## Work task
Go through the entries one line at a time, and gather every line that has the word "image".

··· Provided data

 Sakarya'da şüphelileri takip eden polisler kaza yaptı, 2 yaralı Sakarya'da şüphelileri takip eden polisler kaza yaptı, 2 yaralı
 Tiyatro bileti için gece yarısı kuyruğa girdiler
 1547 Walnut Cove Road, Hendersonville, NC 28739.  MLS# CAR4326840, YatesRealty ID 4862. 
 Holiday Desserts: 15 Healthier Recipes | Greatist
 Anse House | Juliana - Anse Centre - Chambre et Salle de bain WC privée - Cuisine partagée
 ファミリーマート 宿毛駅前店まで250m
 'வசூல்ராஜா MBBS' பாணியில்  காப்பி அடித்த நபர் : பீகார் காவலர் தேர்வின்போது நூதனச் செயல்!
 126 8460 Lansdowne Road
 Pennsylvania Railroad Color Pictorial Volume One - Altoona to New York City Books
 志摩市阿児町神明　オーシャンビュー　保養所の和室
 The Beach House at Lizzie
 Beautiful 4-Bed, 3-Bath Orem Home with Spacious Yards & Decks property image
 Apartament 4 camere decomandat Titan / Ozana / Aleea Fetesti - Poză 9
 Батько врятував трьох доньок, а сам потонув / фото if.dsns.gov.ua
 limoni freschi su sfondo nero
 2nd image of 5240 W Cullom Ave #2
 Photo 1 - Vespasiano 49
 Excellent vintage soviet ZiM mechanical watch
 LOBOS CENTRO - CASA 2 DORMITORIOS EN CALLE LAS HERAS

······

## Response to this exercise
 Beautiful 4-Bed, 3-Bath Orem Home with Spacious Yards & Decks property image
 2nd image of 5240 W Cullom Ave #2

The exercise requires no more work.